Having now the vast experience of being someone's Mommy for an entire five weeks, I can with confidence give myself the official rating of "adequate."
This means that, while I have poked her in the eye, clipped her finger with the nail clippers, and wrapped her up in a blanket coated in cat hair, I have not yet done anything so horrible as to ensure that she will run away to follow some meteor-worshiping cult when she's fifteen. (Running away to lead some meteor-worshiping cult would of course be perfectly acceptable. Especially at fifteen. Any mother would be proud.)
My mom spent the night last week, so that she could bask in the baby-glow of her Royal Babyness. This is when I learned that in addition to being an eye-poker, my baby finds me an uninteresting conversationalist. This became apparent as Wendy, who usually regards me with all the skepticism and furrowed brow of a nineteen year-old Hot-Topic sales associate, turned to my mom and chatted her up like they were sharing gossip and scones and wearing matching hats at a tea party.
Mom: And what does that little girl think about thaaat?

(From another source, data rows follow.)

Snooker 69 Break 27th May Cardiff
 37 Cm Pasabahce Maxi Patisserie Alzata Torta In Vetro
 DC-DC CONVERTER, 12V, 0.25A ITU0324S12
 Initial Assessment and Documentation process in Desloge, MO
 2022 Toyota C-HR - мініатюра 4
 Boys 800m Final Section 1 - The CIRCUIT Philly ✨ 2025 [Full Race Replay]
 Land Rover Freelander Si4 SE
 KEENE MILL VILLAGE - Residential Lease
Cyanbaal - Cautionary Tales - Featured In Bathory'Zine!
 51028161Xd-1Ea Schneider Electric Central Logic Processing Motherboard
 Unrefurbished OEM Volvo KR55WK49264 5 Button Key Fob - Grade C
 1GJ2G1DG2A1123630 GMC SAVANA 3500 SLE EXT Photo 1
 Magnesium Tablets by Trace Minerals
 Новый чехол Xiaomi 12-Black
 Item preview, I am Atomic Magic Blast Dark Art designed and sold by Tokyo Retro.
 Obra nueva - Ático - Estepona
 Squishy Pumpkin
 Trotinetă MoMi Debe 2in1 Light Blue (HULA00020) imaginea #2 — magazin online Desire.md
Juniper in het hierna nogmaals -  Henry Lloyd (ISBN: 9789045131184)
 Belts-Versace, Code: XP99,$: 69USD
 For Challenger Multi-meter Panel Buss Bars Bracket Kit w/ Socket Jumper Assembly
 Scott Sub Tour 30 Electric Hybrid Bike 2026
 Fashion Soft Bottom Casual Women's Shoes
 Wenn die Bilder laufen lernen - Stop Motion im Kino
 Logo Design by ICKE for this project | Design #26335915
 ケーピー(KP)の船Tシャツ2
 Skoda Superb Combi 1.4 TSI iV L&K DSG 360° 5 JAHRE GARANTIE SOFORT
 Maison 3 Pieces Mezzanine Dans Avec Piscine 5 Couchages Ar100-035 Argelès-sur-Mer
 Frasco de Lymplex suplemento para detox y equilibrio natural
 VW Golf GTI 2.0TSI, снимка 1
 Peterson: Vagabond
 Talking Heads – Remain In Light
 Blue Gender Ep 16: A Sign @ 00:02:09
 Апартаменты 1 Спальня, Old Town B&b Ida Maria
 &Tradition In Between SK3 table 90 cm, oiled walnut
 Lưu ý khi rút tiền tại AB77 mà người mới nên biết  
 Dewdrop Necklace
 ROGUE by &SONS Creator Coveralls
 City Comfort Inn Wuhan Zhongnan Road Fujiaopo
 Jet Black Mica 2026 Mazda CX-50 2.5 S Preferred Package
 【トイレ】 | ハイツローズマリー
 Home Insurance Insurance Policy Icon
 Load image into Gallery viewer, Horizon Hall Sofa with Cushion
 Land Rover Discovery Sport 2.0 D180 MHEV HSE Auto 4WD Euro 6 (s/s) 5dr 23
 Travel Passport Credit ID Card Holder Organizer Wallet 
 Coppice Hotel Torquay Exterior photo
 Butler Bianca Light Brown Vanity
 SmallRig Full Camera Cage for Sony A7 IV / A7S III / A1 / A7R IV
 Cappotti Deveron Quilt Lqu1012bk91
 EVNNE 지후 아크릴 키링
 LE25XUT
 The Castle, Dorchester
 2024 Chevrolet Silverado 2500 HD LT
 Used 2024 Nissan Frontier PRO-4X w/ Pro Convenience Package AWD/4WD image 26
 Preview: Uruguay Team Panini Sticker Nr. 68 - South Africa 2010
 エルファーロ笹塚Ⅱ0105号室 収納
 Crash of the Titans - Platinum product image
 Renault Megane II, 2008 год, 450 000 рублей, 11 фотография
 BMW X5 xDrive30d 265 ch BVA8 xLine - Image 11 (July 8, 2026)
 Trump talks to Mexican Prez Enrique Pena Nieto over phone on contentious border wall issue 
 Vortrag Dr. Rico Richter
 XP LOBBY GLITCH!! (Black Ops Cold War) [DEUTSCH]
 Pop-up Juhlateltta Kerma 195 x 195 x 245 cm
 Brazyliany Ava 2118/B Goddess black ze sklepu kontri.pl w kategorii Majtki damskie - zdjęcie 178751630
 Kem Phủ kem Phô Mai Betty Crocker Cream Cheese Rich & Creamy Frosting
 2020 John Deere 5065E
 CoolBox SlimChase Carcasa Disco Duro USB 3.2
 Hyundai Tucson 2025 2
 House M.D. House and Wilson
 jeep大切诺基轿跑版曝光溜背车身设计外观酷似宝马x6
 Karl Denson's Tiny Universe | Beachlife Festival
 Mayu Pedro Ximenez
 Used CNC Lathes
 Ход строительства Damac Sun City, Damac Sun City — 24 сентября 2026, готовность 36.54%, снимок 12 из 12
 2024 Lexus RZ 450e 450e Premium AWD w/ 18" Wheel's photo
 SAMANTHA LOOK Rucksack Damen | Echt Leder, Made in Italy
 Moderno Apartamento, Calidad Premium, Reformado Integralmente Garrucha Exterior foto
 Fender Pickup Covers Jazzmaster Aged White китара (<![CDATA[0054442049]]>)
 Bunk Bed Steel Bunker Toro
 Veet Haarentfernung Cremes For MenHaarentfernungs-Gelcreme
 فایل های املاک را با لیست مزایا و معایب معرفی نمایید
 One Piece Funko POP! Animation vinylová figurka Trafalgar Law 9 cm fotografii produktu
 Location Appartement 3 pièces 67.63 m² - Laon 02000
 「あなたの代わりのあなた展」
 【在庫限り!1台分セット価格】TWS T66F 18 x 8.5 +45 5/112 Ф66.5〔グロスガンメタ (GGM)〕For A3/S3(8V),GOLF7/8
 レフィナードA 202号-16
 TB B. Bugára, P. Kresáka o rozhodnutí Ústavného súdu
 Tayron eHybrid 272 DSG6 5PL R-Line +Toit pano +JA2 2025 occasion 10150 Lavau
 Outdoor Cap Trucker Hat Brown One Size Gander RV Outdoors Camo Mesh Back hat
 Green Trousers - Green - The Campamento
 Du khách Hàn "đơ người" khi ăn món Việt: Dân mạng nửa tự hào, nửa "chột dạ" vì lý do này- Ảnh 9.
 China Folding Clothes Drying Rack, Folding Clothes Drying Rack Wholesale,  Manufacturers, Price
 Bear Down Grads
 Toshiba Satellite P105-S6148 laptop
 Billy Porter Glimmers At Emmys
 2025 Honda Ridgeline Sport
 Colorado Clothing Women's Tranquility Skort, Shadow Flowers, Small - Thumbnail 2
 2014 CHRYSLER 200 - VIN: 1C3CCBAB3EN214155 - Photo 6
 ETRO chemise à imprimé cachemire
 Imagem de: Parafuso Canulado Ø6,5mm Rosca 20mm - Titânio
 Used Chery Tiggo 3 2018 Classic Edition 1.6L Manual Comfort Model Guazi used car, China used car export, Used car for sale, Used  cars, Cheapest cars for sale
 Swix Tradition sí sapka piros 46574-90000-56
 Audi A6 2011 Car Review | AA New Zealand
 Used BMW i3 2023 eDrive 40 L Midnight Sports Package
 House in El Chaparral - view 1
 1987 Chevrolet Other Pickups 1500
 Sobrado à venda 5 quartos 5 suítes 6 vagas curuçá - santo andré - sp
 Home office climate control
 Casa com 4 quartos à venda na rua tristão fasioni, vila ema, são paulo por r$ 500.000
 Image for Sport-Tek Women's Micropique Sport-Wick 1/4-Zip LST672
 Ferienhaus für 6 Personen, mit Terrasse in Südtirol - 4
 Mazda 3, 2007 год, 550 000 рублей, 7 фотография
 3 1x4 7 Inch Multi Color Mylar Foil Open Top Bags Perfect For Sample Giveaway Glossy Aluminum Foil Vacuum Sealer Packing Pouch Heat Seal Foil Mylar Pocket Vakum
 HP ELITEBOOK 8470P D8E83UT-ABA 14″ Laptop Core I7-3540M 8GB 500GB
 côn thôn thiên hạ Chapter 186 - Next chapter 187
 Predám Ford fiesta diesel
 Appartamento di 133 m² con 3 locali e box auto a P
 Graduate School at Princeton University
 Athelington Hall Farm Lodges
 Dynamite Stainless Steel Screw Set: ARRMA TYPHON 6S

Wendy: Goo! Goooo! Neh? Geeerrrr! Goo!
Mom: Oh really? Well, I think so toooo!
Wendy: Geeeh! Geh? Geh.
Mo: Yeah, she doesn’t talk to me like that.
Mom: Well, you don’t talk silly to her. Try talking silly.
Mo: HELLO WENDY I AM YOUR MOTHER LOVE ME AND WE SHALL RULE THE DARK SIDE TOGETHER. ALL SHALL DESPAIR.
Wendy, Mom: …….
Mom: Um, you just need practice. ISn’t that right, little girl? Mommy isn’t as talky as grandma, is she? Nooo she's not.
Wendy: It’s ok, I forgive her. What she lacks in the basic human warmth required to make conversation with an infant, she makes up for in copious and generously given stores of mammary treats. I mean, have you seen those things? Acres and acres of boobs, and they’re all mine! …Goo.